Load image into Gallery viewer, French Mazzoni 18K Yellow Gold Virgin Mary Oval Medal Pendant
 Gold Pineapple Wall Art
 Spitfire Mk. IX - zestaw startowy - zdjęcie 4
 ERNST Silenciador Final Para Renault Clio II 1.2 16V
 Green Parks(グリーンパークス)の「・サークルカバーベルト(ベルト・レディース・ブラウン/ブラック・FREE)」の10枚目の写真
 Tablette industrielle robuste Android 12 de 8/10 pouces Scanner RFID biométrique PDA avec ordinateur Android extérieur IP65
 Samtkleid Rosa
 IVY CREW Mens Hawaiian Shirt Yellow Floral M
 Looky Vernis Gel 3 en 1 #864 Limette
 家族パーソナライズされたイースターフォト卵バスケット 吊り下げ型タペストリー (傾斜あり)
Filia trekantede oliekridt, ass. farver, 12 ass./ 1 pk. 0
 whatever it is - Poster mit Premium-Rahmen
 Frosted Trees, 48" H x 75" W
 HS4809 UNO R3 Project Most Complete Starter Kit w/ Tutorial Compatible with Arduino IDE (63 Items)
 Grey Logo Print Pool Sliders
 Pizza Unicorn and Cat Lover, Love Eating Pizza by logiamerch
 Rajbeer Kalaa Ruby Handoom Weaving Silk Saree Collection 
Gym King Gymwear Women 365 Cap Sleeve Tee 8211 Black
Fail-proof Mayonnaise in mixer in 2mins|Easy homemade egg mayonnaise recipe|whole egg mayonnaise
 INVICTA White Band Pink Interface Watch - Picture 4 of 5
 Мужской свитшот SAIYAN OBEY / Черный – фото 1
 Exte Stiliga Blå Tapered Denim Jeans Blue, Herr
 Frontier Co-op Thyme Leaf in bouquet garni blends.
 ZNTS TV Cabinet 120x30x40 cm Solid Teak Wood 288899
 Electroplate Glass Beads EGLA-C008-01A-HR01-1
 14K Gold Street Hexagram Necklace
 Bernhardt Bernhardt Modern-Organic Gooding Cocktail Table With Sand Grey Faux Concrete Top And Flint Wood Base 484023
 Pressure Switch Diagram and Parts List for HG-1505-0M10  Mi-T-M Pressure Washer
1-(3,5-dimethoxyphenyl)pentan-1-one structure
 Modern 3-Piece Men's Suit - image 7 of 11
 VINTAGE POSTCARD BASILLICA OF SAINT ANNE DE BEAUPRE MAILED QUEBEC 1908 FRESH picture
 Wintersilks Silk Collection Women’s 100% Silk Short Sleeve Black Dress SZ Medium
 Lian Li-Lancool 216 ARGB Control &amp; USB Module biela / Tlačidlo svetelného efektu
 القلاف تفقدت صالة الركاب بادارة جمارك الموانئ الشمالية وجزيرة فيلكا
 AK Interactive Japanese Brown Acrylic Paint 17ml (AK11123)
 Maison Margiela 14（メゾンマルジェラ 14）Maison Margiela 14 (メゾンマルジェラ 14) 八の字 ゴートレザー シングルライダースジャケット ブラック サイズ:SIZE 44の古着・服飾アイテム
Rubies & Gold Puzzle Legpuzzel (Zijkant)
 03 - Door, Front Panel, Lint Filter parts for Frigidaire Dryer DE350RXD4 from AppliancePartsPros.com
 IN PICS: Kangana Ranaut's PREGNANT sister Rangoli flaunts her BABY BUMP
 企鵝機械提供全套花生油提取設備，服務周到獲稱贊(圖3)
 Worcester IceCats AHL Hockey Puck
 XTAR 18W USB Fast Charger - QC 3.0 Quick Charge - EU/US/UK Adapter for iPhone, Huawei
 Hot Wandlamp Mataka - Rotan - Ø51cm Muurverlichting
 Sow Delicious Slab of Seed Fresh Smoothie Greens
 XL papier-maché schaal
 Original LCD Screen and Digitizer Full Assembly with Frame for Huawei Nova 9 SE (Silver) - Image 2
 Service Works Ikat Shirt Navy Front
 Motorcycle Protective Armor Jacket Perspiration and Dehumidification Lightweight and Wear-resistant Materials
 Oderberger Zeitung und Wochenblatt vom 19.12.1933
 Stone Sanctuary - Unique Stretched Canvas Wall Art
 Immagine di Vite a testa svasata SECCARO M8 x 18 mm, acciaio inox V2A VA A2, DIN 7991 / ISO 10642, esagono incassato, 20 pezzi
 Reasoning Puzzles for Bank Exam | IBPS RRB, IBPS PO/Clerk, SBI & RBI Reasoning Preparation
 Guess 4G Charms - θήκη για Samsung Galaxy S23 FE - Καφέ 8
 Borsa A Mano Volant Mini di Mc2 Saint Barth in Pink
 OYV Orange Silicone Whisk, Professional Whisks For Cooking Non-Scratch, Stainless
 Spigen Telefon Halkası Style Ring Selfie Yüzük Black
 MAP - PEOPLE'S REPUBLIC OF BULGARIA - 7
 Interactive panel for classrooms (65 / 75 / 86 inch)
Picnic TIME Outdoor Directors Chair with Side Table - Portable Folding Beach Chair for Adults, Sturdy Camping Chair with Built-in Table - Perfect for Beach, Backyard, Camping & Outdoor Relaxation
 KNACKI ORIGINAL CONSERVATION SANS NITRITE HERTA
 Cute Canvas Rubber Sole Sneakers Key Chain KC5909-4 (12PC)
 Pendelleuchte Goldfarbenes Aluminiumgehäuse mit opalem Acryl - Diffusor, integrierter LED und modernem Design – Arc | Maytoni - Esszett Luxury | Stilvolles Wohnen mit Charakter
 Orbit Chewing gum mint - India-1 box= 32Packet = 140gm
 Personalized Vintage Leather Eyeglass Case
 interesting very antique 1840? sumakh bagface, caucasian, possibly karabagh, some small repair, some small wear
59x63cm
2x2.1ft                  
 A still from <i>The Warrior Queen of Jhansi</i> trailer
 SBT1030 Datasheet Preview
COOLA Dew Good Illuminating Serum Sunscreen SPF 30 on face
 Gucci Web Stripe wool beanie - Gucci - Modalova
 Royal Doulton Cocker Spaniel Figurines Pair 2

********

Up to and including the line that contains "Green Parks(グリ", output the records above exactly, beginning with their first line.

* **Your response**:
Load image into Gallery viewer, French Mazzoni 18K Yellow Gold Virgin Mary Oval Medal Pendant
 Gold Pineapple Wall Art
 Spitfire Mk. IX - zestaw startowy - zdjęcie 4
 ERNST Silenciador Final Para Renault Clio II 1.2 16V
 Green Parks(グリーンパークス)の「・サークルカバーベルト(ベルト・レディース・ブラウン/ブラック・FREE)」の10枚目の写真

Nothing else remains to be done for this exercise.